Sunday, December 4, 2016

Lewis, The Undoing Project

Assume you’ve never heard of Michael Lewis but you’ve read a slew of books and papers about behavioral finance. You might decide to skip this one, figuring it’s more of the same. Put that cognitive bias aside. The Undoing Project (W. W. Norton) is a moving account of the incredibly productive but eventually fraught friendship of Daniel Kahneman and Amos Tversky.

Michael Lewis, the author of such best sellers as Flash Boys, The Big Short, Moneyball, The Blind Side, and Liar’s Poker, is a consummate storyteller. In many fields algorithms may trump experts, but so far writing is not one of them. We still rely on skilled writers to tell us stories we need and want to hear. The Undoing Project is one of those stories.

Other than their brilliance and their commitment to the defense of Israel, Kahneman and Tversky had little in common. Kahneman was insecure, moody, “like Woody Allen, without the humor.” Yet he was a brilliant teacher and bounced from one enthusiasm to another, trying anything, readily accepting failure, moving on. Tversky was the life of the party, an intellectual magnet who “had a preternatural gift for doing only precisely what he wanted to do. … He didn’t pretend to be interested in whatever others expected him to be interested in—God help anyone who tried to drag him to a museum or a board meeting.”

The intense collaboration between these two men produced work that changed the way we think about decision making, risk taking, predicting, our own inherently flawed rationality. It gave rise, at least in some circles, to a collective self-doubt—doubt that we could make wise investing decisions, for instance. And to more of a reliance on models that may exploit cognitive biases but don’t themselves succumb to them.

Although Lewis describes some of the most important discoveries of Kahneman and Tversky, his book is at heart a poignant drama. Dare I admit I cried at the end?

For those who expect something other than emotion from me, here are some notes that Tversky took on conversations he had with Kahneman in 1972, “early fodder” for their paper on how people make predictions, usually quite badly.
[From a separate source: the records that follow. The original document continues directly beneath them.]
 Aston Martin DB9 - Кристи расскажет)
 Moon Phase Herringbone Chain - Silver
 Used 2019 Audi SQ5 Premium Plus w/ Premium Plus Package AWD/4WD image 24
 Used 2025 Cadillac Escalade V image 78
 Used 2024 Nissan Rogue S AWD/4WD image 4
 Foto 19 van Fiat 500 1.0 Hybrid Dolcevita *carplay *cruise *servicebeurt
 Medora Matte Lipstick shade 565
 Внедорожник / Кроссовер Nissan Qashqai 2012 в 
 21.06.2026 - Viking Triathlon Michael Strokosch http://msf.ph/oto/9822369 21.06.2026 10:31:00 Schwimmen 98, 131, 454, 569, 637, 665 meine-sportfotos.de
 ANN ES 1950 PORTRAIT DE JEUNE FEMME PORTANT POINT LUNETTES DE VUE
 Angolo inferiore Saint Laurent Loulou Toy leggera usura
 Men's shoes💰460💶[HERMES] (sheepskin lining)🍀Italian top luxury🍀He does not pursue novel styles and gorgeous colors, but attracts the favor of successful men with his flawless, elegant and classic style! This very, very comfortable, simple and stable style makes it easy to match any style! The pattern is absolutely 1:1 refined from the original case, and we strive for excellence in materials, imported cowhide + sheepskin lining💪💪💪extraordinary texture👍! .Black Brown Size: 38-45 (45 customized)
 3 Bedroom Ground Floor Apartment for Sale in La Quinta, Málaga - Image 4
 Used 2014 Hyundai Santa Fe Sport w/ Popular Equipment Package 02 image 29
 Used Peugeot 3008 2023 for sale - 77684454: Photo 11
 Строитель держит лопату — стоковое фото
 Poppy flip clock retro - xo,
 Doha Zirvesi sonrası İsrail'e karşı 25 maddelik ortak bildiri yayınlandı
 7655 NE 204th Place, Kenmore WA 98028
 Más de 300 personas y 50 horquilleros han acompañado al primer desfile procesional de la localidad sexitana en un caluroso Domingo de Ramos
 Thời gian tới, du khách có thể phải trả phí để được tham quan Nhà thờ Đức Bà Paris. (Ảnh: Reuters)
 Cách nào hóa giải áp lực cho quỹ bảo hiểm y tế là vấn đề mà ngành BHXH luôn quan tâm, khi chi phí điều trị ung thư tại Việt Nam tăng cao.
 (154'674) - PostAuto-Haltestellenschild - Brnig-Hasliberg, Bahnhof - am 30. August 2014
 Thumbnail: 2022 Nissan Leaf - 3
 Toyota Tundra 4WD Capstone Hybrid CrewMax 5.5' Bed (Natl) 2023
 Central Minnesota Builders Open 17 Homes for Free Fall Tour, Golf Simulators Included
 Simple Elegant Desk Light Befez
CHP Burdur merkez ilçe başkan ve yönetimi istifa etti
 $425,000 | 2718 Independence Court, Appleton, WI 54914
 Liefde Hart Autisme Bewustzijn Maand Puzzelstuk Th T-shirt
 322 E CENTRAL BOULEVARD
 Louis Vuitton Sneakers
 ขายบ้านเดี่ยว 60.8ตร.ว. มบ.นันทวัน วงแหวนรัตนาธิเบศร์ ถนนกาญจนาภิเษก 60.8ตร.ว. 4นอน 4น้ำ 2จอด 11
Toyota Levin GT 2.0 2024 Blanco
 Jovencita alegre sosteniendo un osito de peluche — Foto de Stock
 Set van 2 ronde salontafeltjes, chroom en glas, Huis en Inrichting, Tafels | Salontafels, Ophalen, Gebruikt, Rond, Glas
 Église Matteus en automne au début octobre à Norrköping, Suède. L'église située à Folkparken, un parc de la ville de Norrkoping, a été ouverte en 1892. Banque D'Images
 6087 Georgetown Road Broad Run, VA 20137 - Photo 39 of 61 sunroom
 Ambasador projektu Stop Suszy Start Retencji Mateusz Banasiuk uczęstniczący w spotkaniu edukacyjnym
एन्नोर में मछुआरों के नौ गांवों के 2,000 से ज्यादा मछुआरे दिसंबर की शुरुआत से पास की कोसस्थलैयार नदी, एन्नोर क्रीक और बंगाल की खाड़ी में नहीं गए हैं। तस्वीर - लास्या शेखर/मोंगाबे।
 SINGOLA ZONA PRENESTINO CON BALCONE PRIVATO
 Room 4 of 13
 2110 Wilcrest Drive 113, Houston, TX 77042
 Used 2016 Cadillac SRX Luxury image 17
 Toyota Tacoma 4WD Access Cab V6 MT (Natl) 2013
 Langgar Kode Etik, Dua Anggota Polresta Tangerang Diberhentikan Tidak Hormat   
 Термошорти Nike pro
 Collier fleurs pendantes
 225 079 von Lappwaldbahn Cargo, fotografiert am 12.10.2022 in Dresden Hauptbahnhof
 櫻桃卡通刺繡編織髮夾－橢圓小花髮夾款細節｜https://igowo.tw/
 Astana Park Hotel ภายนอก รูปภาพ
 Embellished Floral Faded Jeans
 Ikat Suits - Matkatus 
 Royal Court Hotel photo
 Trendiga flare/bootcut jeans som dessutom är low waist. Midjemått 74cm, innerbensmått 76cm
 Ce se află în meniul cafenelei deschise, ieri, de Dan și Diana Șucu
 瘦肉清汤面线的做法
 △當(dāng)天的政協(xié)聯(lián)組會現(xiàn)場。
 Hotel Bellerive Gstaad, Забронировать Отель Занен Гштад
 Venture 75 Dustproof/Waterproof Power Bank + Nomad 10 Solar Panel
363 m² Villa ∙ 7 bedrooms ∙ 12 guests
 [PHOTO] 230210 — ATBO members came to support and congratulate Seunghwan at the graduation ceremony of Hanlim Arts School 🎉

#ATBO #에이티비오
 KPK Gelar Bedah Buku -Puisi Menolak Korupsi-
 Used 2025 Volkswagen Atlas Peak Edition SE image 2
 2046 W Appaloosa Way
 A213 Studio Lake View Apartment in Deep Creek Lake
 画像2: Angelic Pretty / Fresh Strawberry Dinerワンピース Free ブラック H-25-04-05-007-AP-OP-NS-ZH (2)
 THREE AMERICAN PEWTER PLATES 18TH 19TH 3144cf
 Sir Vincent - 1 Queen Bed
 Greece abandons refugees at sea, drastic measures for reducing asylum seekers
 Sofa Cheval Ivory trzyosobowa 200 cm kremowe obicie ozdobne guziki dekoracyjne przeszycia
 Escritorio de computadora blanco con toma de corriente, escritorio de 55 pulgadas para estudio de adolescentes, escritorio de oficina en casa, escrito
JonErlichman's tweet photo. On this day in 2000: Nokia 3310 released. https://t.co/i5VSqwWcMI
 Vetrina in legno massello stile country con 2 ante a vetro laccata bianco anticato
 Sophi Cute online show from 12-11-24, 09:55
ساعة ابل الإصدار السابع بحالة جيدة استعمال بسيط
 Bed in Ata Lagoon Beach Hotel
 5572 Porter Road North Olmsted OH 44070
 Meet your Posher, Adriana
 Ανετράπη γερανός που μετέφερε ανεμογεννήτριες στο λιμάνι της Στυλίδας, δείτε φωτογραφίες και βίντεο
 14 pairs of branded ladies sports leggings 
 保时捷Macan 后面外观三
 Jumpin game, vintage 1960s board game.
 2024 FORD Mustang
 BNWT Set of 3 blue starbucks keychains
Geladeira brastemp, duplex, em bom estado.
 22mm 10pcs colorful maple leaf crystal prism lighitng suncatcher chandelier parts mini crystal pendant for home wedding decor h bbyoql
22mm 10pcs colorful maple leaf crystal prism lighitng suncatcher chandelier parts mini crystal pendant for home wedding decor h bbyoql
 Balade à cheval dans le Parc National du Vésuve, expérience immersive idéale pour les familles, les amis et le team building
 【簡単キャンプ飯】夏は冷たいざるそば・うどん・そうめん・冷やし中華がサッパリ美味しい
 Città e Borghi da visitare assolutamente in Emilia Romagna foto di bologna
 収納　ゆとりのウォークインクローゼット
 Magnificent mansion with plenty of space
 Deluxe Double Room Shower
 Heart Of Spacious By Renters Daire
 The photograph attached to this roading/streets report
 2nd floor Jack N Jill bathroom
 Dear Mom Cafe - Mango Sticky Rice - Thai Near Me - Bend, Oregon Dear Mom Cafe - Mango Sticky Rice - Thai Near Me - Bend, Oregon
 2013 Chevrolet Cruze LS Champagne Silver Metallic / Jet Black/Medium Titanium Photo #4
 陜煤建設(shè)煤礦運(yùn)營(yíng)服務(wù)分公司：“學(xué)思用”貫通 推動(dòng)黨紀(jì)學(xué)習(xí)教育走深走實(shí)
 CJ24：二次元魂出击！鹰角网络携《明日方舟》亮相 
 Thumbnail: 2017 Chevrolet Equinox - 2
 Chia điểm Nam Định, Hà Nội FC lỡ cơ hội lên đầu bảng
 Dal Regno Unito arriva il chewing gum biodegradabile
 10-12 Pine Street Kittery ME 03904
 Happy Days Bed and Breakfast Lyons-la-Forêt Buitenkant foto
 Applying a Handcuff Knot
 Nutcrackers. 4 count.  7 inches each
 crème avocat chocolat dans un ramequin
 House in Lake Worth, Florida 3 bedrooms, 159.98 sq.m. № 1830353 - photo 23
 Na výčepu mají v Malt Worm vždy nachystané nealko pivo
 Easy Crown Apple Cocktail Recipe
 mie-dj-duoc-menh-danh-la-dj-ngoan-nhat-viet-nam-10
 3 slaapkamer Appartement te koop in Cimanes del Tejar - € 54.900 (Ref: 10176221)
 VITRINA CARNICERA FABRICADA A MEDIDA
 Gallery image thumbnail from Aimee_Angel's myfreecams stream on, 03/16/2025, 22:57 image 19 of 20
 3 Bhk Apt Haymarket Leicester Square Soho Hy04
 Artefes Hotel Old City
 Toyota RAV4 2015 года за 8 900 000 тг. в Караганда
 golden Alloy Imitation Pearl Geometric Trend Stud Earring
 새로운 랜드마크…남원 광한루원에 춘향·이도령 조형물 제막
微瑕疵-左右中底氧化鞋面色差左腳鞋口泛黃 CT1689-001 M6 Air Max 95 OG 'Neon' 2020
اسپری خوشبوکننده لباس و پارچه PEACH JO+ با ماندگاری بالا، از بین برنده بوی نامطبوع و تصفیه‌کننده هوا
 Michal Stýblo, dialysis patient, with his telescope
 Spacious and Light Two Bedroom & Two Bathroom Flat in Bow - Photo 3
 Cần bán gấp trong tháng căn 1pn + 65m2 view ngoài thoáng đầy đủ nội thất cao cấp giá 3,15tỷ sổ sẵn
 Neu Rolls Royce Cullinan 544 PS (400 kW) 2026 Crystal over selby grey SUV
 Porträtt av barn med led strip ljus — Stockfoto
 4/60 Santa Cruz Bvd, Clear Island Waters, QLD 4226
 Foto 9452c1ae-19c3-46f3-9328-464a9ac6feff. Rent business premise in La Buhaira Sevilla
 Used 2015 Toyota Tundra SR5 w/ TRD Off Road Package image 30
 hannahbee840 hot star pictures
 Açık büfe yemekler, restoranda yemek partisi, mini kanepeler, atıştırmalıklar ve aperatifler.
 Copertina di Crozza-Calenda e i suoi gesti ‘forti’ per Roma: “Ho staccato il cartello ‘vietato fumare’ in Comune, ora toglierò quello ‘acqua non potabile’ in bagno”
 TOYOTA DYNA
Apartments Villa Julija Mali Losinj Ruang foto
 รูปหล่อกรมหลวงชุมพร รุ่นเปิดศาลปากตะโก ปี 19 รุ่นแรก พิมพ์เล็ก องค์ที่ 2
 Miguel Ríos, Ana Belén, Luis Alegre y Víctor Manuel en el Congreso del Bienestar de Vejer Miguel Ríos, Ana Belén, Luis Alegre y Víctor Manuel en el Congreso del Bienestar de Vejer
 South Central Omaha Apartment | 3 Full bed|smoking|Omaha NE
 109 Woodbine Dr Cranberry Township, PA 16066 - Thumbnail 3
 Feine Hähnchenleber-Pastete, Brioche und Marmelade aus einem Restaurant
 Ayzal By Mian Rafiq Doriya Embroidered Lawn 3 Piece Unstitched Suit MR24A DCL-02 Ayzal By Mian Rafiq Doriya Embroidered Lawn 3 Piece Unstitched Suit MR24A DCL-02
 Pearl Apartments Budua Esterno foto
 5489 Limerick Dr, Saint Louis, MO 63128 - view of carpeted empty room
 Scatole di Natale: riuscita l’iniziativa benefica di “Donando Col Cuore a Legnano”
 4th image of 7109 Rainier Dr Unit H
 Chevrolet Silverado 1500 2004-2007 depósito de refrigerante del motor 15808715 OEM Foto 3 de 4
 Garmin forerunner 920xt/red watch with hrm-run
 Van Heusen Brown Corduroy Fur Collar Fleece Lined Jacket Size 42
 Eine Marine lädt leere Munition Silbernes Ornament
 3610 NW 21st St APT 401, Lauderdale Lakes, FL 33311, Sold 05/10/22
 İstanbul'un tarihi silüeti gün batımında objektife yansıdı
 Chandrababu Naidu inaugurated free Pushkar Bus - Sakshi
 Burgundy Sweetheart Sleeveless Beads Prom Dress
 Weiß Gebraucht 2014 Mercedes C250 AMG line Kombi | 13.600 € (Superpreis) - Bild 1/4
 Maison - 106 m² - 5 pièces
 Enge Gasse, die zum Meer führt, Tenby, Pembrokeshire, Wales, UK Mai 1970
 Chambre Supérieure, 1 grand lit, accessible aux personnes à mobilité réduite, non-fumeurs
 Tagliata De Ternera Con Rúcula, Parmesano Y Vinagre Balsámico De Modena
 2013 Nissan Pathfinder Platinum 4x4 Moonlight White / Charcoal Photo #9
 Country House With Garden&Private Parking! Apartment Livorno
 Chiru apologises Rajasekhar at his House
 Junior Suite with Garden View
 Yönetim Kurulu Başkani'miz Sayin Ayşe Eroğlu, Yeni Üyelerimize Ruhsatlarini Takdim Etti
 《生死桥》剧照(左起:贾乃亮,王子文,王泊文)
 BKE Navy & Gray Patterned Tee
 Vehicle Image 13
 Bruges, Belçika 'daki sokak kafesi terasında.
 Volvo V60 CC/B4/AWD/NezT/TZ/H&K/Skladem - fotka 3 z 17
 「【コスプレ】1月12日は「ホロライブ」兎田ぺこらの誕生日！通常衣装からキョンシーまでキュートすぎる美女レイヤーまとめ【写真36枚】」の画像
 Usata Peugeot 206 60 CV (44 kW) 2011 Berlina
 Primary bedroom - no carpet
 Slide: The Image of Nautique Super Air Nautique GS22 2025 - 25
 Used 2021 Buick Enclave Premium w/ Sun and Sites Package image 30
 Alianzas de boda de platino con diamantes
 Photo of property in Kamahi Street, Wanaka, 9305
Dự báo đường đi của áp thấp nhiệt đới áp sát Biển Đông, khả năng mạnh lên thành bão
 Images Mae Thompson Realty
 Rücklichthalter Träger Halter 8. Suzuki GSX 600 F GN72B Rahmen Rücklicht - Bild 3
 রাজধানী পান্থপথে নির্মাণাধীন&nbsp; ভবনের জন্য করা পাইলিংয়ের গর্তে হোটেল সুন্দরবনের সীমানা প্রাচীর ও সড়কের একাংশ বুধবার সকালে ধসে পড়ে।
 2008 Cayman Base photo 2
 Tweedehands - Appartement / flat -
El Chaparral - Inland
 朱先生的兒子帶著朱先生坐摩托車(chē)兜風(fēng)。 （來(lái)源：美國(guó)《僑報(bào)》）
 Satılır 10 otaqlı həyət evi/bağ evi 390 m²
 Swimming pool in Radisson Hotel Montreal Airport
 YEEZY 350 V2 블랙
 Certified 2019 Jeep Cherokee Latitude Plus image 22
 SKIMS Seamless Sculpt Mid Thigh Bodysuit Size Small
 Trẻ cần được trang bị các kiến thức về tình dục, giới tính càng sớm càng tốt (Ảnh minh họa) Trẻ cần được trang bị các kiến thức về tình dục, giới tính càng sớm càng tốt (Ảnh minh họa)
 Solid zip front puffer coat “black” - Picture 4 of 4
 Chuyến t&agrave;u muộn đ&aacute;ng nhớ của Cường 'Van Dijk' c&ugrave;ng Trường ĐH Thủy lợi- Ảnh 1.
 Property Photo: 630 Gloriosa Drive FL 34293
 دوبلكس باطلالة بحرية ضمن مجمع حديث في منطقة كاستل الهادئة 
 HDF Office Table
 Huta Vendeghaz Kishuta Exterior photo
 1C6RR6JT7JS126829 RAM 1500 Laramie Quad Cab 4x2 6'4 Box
People predict by making up stories
People predict very little and explain everything
People live under uncertainty whether they like it or not
People believe they can tell the future if they work hard enough
People accept any explanation as long as it fits the facts
The handwriting was on the wall, it was just the ink that was
  invisible

People often work hard to obtain information they already have
  And avoid new knowledge
Man is a deterministic device thrown into a probabilistic Universe
In this match, surprises are expected
Everything that has already happened must have been inevitable


Since I had no commitments on Thanksgiving, I spent the day reading The Undoing Project. It was a true feast. We should give thanks for people like Daniel Kahneman, Amos Tversky, and Michael Lewis.